Further, the Annual Accounts and related documents of the subsidiary and associate company shall be kept open for inspection at the Registered & Corporate Office of the Company after their finalization. The Company will also make available copy thereof upon specific request by any Member of the Company for the same. Further, pursuant to Accounting Standards AS-21 issued by the Institute of Chartered Accountants of India, Consolidated Financial Statements presented by the Company in this Annual Report include the financial information of its Subsidiaries and Associates.

15. AUDITORS

The Statutory Auditors, M/s Pawan Nanak Bansal & Co., Chartered Accountants were re appointed as the statutory Auditors of the Company in the AGM held on 30th September, 2020 to hold the office till the conclusion of AGM for the financial year 2024-2025.

In accordance with the Companies Amendment Act, 2017, enforced on 7th May, 2018 by the Ministry of Corporate Affairs, the appointment of Statutory Auditors is not required to be ratified at every Annual General Meeting.

The Auditor has confirmed that they are not disqualified under any provisions of Section 141(3) of Companies Act, 2013 and al so their engagement with the company is within the prescribed limits under section 141 (3)(g) of Companies Act, 2013.

16 AUDITORS REPORT

The Auditors Report does not contain any qualification. Notes to Accounts and Auditors remarks in their report are self-explanatory and do not call for any further comments.

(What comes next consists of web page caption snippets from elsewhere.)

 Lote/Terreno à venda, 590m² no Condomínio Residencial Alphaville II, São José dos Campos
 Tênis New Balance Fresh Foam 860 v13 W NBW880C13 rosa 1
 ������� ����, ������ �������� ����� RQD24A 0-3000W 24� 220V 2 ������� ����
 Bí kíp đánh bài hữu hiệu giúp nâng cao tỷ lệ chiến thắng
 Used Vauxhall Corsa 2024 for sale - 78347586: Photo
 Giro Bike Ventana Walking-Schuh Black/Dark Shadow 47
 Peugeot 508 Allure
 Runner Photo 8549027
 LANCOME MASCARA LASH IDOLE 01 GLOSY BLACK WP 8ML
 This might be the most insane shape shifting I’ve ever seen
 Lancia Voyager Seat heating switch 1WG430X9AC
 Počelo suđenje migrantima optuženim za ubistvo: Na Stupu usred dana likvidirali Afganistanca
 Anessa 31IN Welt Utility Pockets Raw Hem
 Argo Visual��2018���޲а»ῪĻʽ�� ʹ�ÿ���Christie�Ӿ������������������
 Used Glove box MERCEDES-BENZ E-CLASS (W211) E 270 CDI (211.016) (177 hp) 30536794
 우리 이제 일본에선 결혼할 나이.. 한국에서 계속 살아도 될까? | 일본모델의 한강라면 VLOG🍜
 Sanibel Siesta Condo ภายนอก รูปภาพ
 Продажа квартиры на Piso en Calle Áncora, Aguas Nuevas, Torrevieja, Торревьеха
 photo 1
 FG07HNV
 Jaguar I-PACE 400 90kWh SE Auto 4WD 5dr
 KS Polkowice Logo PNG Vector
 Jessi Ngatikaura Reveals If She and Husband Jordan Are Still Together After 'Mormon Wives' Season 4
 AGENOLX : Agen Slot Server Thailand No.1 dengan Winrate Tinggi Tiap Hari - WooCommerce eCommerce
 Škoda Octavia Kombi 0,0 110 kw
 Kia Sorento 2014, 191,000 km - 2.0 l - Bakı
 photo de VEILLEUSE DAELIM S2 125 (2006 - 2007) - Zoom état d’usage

17. DISCLOSURE ABOUT COST AUDIT

As per the Cost Audit Orders, Cost Audit is not applicable to the Companys for the FY 2021-22.

18. SECRETARIAL AUDIT REPORT

In terms of Section 204 of the Act and Rules made there under, M/s. SPR & Co, Practicing Company Secretary has been appointed Secretarial Auditor of the Company. The report of the Secretarial Auditor is enclosed as Annexure III to this report.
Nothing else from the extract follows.